Any success claimed was made possible by a lot of moving parts and determined people. These enlightened, farsighted, and dedicated leaders not only managed to successfully change Birmingham; they changed the culture of the South over the next 50 years.
Most of the heroes of the 1960’s mentioned in Thorne’s book are now deceased. I have no doubt that they would be proud of what they accomplished but I wonder if they would be saddened on the dawn of 2021 with the political landscape that now surrounds us.
Could a Vincent Townsend, Sidney Smyer, David Vann, Mel Bailey, or Karl Friedman, among a host of others, ever imagine that the descendants of those municipal leaders, merchants, and businessmen they worked with to make a better Birmingham for the future be called racist 60 years later by their own U.S. President and the current leaders of the contemporary civil rights movements of the United States. That is not a brush we, or they, deserve to be tarred with.

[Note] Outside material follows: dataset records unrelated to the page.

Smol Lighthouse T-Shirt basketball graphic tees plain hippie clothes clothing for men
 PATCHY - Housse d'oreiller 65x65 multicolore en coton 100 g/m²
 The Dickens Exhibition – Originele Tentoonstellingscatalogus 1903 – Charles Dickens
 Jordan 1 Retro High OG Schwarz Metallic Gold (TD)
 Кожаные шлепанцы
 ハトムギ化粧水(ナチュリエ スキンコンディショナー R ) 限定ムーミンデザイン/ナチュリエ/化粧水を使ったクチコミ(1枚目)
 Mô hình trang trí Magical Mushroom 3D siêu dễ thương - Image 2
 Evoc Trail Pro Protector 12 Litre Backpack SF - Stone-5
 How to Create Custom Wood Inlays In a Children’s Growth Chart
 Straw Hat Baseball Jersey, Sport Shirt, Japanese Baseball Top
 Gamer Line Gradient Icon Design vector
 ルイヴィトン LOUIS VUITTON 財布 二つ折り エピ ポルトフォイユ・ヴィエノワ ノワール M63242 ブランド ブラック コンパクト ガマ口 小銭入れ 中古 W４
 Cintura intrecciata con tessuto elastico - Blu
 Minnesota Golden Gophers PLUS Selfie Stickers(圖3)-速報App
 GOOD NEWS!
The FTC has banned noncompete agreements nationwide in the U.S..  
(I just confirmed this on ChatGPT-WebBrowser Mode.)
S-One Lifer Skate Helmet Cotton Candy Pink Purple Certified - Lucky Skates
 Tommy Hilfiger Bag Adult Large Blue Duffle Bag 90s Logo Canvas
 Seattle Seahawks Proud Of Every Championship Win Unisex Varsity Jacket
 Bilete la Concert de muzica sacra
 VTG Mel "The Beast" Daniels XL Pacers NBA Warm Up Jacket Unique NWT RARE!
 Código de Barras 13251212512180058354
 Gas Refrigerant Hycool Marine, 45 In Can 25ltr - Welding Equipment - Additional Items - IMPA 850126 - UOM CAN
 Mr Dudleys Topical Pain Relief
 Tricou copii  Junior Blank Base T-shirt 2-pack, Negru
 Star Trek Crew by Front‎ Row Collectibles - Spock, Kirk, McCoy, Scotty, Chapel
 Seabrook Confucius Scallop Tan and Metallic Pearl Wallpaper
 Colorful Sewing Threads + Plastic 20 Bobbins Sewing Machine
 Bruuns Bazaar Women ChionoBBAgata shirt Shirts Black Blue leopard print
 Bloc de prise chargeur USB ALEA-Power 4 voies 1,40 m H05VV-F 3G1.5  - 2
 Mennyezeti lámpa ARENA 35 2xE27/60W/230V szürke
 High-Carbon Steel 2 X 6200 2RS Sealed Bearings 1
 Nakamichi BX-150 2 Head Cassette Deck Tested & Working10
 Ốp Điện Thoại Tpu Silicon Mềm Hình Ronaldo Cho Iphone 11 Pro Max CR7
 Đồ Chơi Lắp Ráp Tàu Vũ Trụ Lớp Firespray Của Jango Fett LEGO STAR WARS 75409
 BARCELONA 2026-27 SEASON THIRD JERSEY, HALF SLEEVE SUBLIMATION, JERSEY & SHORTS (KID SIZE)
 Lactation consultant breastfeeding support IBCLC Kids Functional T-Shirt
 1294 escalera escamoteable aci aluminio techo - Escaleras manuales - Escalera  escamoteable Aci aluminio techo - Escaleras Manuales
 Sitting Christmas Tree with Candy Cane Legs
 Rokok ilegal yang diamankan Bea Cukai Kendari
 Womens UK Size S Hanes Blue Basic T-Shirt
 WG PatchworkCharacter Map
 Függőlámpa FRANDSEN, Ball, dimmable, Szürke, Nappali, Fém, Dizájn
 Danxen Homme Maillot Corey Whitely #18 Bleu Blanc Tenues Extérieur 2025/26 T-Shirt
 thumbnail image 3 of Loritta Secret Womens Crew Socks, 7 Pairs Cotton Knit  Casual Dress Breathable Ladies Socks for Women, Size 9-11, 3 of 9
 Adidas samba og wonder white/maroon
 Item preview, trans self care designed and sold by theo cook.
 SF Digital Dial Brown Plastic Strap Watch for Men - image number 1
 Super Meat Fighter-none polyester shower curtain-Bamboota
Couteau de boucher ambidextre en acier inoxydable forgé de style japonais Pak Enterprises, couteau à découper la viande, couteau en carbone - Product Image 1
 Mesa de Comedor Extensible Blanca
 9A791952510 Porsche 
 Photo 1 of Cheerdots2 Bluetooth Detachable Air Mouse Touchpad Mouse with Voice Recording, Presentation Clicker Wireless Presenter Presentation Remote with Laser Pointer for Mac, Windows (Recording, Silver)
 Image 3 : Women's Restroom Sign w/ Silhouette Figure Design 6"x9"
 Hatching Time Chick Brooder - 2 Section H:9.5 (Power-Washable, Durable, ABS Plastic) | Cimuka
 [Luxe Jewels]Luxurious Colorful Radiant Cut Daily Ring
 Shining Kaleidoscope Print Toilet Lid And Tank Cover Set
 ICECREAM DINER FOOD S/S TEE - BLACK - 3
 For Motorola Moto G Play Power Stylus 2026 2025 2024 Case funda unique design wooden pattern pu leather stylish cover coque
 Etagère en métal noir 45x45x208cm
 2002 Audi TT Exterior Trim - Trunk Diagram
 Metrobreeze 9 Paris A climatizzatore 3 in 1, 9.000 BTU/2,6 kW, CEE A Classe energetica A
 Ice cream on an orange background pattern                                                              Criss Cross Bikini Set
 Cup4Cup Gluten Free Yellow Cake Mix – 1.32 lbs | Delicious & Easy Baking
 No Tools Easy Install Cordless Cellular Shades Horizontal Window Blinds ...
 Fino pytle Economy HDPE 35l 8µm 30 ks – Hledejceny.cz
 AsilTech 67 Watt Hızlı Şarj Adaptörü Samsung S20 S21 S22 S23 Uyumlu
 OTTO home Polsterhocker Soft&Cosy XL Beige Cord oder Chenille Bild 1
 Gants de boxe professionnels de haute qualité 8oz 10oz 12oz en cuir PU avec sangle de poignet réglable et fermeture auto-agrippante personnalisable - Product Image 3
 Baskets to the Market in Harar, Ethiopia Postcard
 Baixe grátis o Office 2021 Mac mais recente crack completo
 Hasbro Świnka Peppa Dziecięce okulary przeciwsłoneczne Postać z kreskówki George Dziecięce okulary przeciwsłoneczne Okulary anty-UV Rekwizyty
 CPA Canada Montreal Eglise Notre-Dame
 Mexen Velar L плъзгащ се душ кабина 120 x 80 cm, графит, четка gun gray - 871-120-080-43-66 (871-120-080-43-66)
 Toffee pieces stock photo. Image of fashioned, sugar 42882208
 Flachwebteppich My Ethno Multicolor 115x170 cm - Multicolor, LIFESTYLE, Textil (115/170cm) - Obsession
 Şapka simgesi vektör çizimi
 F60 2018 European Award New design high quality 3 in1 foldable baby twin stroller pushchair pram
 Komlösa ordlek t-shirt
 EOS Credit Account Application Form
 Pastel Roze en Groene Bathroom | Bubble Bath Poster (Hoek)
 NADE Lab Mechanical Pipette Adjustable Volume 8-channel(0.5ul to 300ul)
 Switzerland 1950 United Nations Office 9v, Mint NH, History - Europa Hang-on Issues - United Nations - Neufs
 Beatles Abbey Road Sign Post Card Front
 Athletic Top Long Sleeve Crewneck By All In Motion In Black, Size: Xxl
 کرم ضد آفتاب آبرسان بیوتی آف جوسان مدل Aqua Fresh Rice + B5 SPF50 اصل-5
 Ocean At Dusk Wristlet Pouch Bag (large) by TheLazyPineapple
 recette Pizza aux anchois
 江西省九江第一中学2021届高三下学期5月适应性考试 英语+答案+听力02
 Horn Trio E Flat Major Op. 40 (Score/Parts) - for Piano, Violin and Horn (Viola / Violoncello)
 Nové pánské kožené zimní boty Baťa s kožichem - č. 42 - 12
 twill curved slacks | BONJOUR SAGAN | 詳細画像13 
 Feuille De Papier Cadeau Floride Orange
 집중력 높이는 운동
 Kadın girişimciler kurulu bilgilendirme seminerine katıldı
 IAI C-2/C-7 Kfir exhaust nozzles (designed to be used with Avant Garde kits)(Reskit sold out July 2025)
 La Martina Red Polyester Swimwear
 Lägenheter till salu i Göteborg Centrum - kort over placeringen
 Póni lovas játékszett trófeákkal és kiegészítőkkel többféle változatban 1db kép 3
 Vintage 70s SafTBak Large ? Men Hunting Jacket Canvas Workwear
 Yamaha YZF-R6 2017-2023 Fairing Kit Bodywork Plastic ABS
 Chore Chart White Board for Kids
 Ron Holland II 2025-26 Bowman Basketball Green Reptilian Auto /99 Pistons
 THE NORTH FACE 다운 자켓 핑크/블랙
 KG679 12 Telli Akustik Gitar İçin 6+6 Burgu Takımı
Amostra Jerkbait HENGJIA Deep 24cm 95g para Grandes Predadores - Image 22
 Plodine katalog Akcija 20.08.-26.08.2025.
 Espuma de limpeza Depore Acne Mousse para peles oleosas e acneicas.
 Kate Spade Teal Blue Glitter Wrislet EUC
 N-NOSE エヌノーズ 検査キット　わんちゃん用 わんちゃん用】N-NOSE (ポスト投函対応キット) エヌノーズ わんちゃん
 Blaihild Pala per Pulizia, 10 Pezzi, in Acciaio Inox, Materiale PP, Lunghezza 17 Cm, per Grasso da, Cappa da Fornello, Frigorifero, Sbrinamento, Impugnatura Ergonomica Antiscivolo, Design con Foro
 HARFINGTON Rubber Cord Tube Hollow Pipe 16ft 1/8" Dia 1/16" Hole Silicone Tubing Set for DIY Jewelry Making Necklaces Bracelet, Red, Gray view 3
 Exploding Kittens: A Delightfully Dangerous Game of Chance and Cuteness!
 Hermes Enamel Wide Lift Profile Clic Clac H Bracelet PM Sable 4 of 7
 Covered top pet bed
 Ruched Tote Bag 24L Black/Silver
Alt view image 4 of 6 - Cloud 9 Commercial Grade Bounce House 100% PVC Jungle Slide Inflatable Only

That is exactly why Behind The Magic Curtain is right on time for the current generation…the generation that did not live thru the violence and tumultuous years that Birmingham experienced…..the one that is replayed over and over in newsreels and demeaning stories about the old racist and unjust South. We are not going back.
Anyone born after 1960, and especially critics, race baiters, and skeptics should read this book. Give credit to the heroes behind the curtain who supported change 60 years ago and made it happen for your generation. Behind the Magic Curtain is not illusory, the work was real, the meaningful gains have lasted, Birmingham and the South are still the better for it.